# WHAT THE EXERCISE ASKS
Using only the entries below, copy exactly the lines that begin at the one with "Cream Round Marble" and end at the one with "NFINITY Black Crewneck", both included. Drop the pictures.

# EXCERPTED RECORDS
########

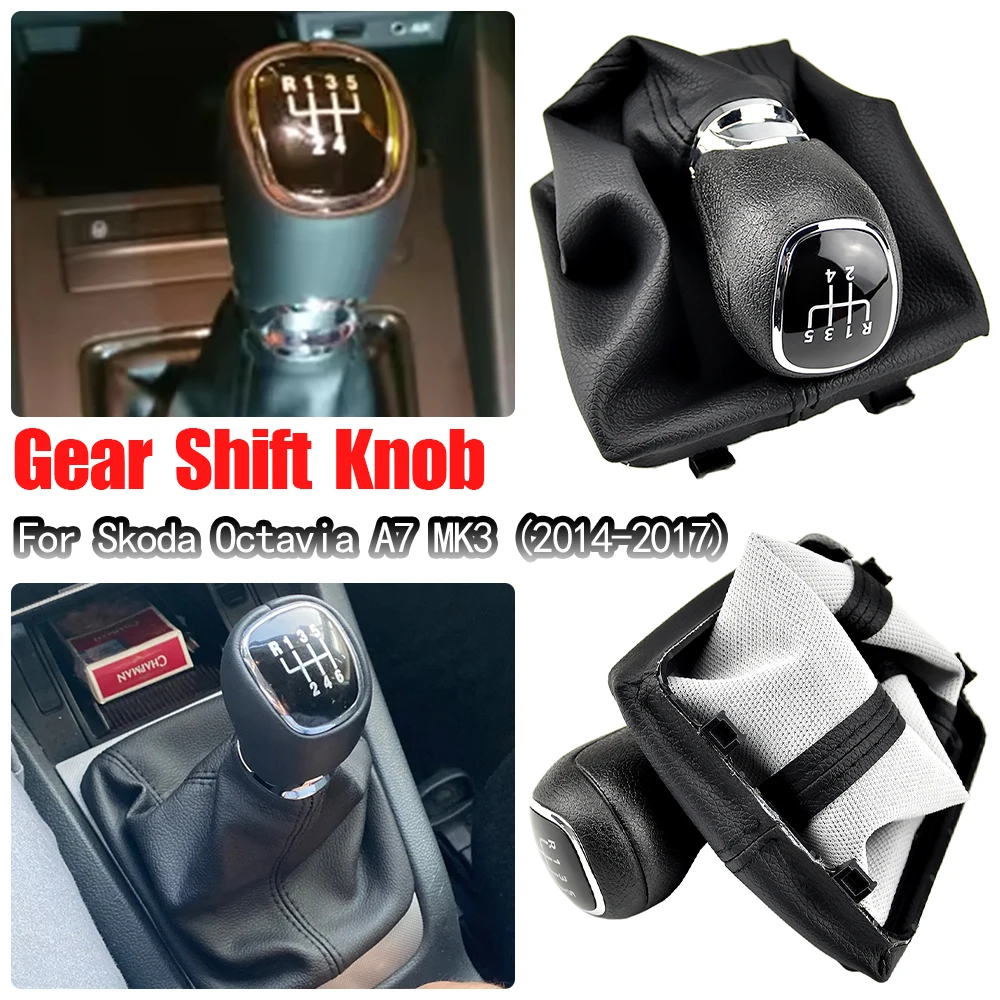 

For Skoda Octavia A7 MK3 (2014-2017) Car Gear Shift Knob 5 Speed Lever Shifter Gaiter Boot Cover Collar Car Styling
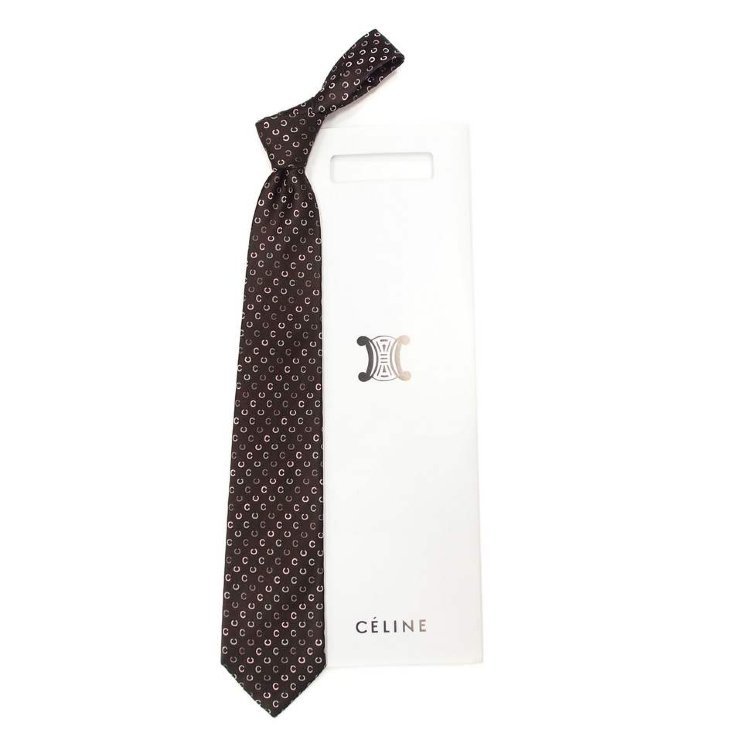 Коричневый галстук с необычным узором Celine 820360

########

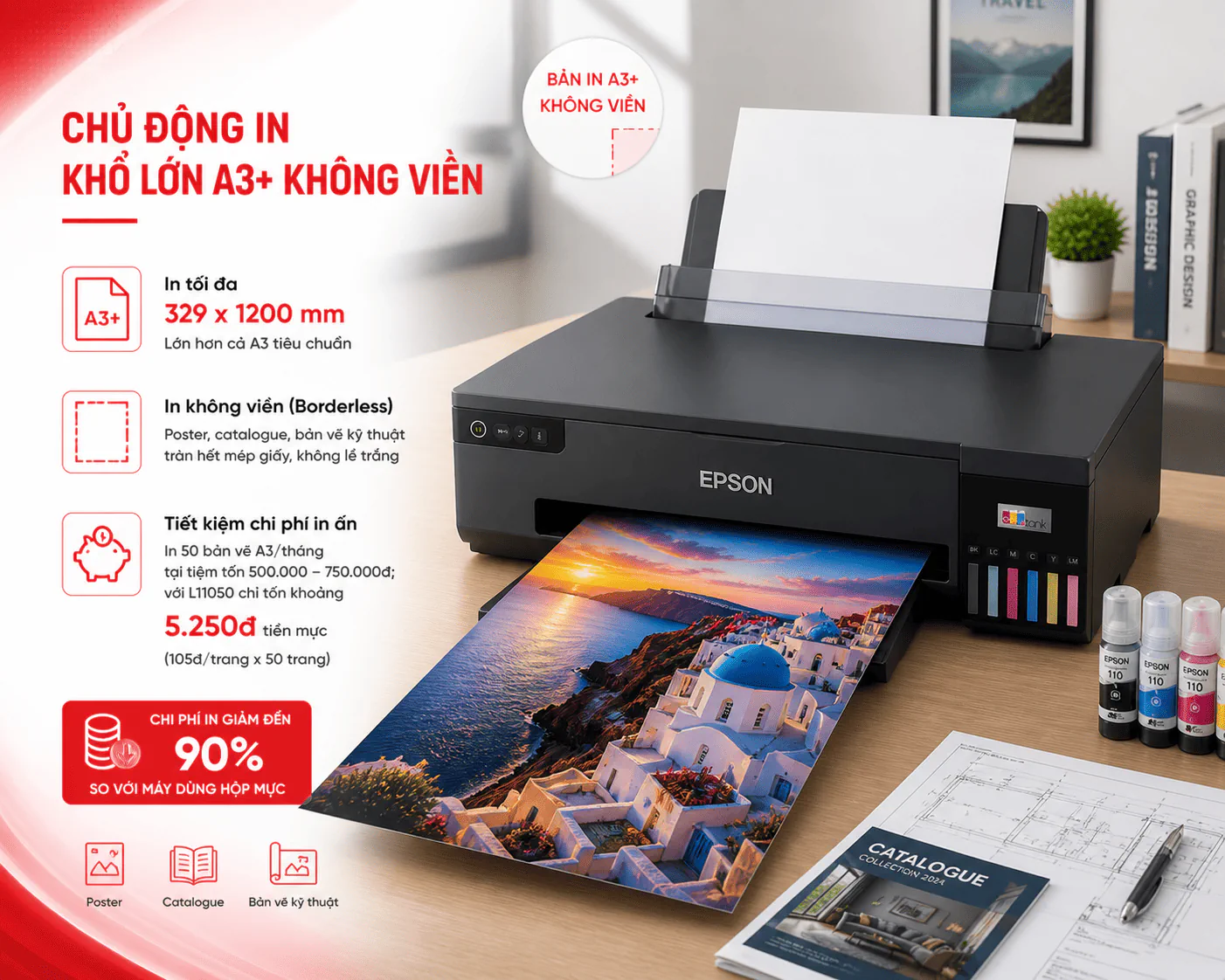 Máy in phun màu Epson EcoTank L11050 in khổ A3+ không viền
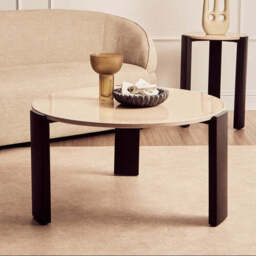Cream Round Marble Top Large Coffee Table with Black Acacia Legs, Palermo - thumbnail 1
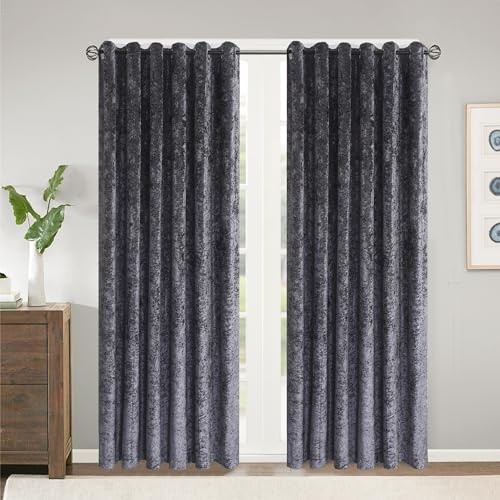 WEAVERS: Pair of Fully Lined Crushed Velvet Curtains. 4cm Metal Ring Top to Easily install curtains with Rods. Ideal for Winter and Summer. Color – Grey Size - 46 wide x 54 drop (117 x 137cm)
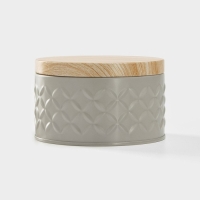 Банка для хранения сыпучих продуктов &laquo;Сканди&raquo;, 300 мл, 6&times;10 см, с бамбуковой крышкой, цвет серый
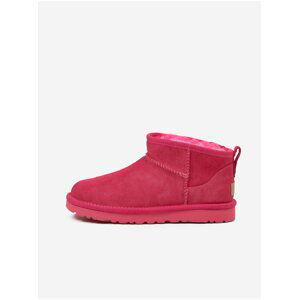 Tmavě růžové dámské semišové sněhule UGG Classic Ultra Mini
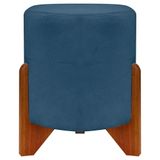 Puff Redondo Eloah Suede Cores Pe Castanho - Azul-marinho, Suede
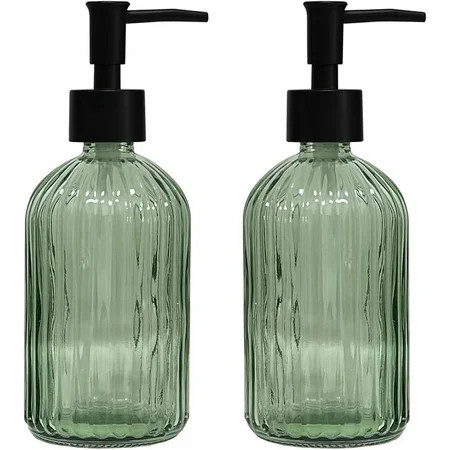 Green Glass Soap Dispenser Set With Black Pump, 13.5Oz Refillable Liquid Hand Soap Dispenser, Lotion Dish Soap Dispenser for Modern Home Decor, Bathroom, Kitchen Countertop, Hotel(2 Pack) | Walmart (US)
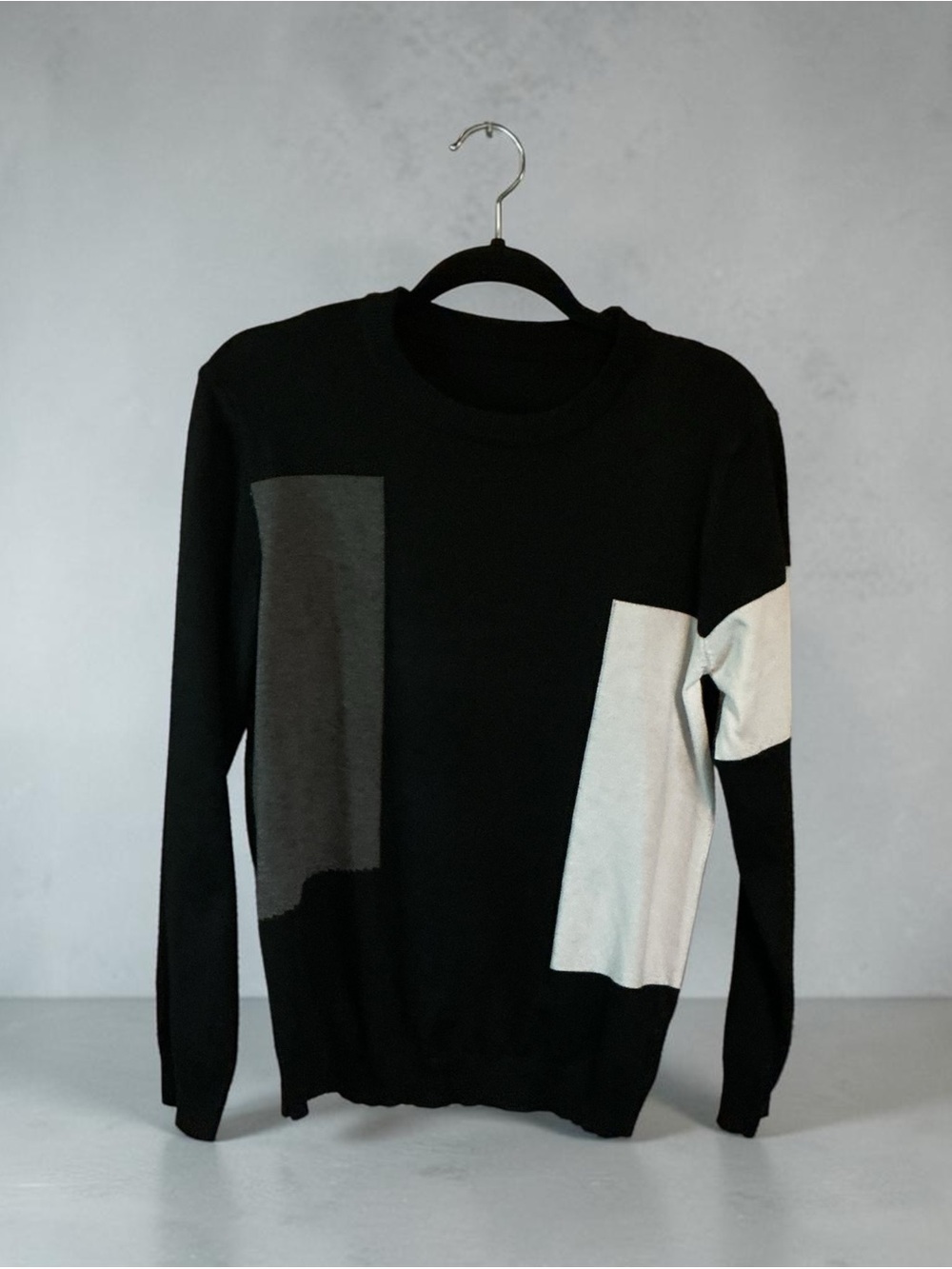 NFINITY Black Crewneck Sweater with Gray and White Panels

########

# ANSWER
Cream Round Marble Top Large Coffee Table with Black Acacia Legs, Palermo - thumbnail 1
 WEAVERS: Pair of Fully Lined Crushed Velvet Curtains. 4cm Metal Ring Top to Easily install curtains with Rods. Ideal for Winter and Summer. Color – Grey Size - 46 wide x 54 drop (117 x 137cm)
 Банка для хранения сыпучих продуктов &laquo;Сканди&raquo;, 300 мл, 6&times;10 см, с бамбуковой крышкой, цвет серый
 Tmavě růžové dámské semišové sněhule UGG Classic Ultra Mini
 Puff Redondo Eloah Suede Cores Pe Castanho - Azul-marinho, Suede
 Green Glass Soap Dispenser Set With Black Pump, 13.5Oz Refillable Liquid Hand Soap Dispenser, Lotion Dish Soap Dispenser for Modern Home Decor, Bathroom, Kitchen Countertop, Hotel(2 Pack) | Walmart (US)
 NFINITY Black Crewneck Sweater with Gray and White Panels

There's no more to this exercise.